I’m proud to introduce an author who, like me, knows what it’s like to write in her second language. Anne Marie got her MA in Creative Writing from Oxford Brookes University, and has worked as a translator and proofreader. She’s currently working with a Norwegian publishing house on the first book in a historical romance series, and blogs (infrequently and inexpertly) about food and writing. She also tweets.
Just Like Cinnamon
When I was a child, cinnamon was something you sprinkled on your porridge, or in cinnamon buns and gingerbread. It was a sweet seasoning, nothing else.
However, when I grew up, I got more adventurous, and started to move away from the standard meat-and-two-veg diet I grew up with. New dishes revealed themselves to me – exciting Middle Eastern and Caribbean dishes that used cinnamon with meat and vegetables. Weird! That was my first thought. Surely that wouldn’t work. But of course, it did, and I discovered wonderful flavours – and learned to think differently about flavours I thought I knew.
‘Isn’t this supposed to be a blog post about writing? Where is she going with this?’ Come on, you’re thinking it. Patience, I have a point.

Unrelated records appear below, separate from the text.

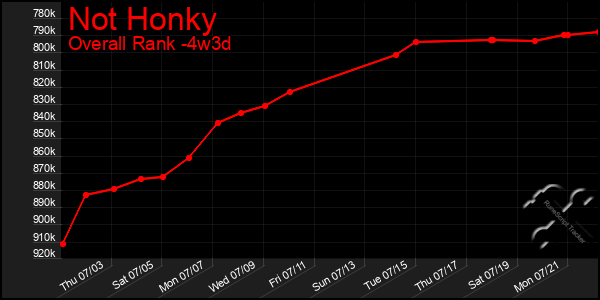 Last 31 Days Graph of Not Honky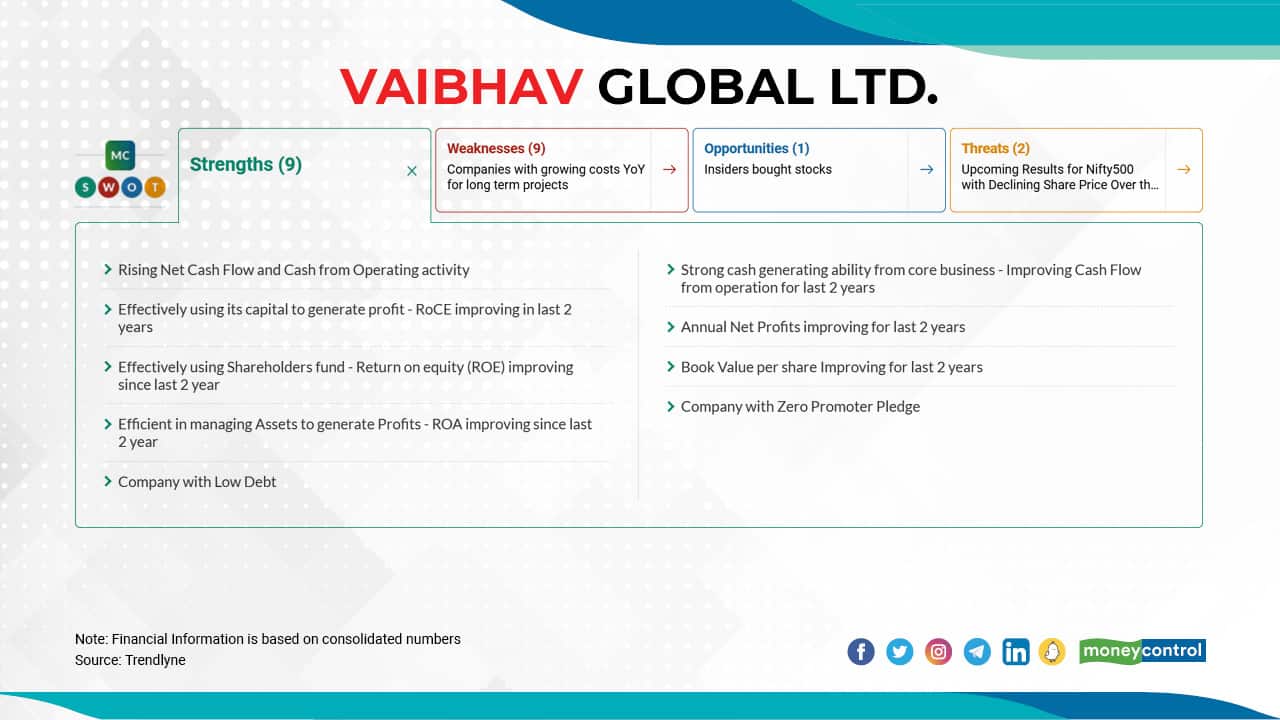 Vaibhav Global Ltd. | The stock has fallen 50 percent from its 52-week high of Rs 1050, which it touched on March 01, 2021, to Rs 520.1 on January 24, 2022. Vaibhav Global Ltd. | The stock has fallen 50 percent from its 52-week high of Rs 1050, which it touched on March 01, 2021, to Rs 520.1 on January 24, 2022.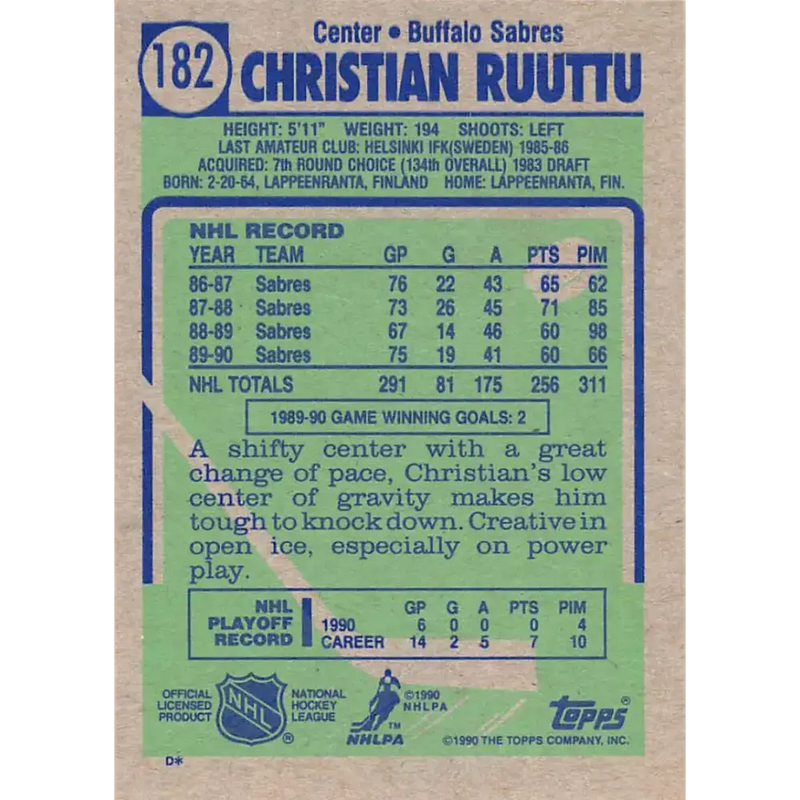 1990-91 Topps #182 Christian Ruuttu NM-MT Buffalo Sabres Hockey Card - Hockey Card Single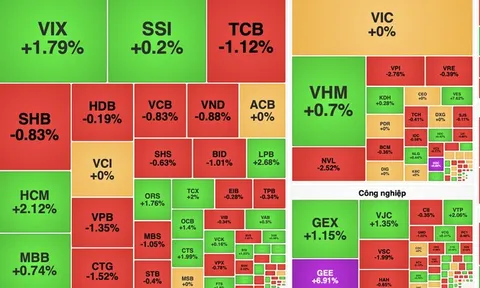 Áp lực bán gia tăng, VN-Index quay đầu giảm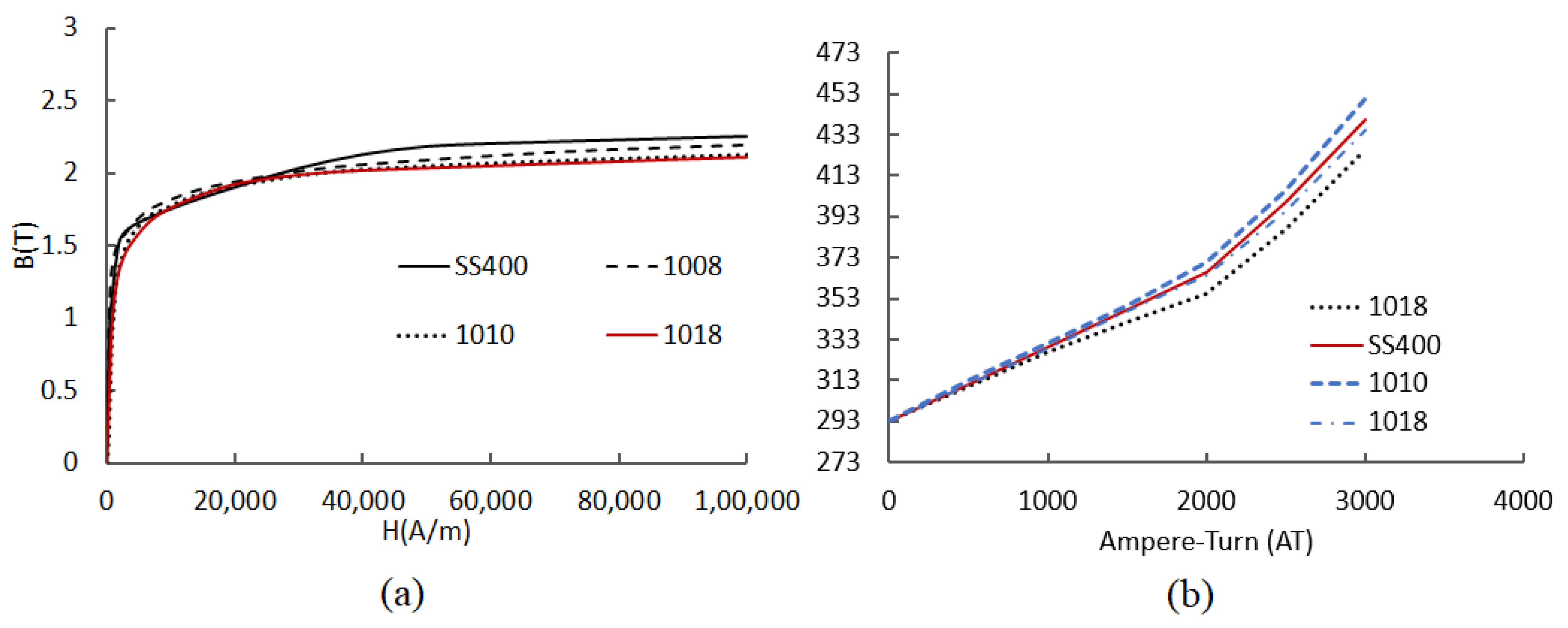 Applsci 12 09109 g005 550
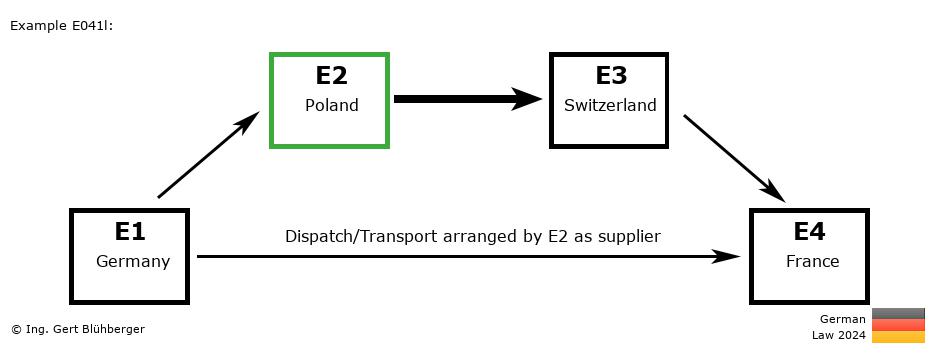 Chain Transaction Calculator Germany / Dispatch by E2 as supplier (DE-PL-CH-FR)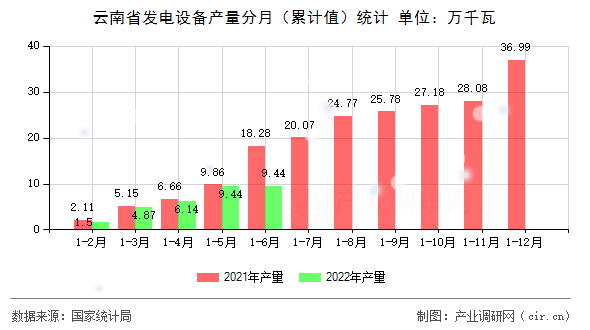 云南省發電設備產量分月（累計值）統計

I learned my craft as a writer abroad, in Australia and England. There are many challenges to writing in a second language: How to give the text a convincing ‘sound’, getting your head around colloquialisms, steering clear of false friends. I’m sure I could write long blog posts about each of them. However, the biggest challenge, for me, is that I had to think more than my native English-speaking colleagues. Every word I used had to be weighed in my mind – was this really the word I wanted? Did it mean exactly what I thought, or could it have alternate meanings? Often, we did exercises where we had to write as much as possible in a set time frame. No preparation, no dictionaries. If I couldn’t remember the word I wanted, I had to rephrase my sentence and use other words that meant more or less the same.
All of this made me think harder about the meaning of words. I had to view words in a new way – much as I had to rethink the concept of cinnamon. Just like cooking within a different culture made me more aware of ingredients, writing in a second language made me more aware of language and its components. And now that I’m writing in my native language, this experience has enriched my relationship with Norwegian. New possibilities lie within familiar words. Just like cinnamon.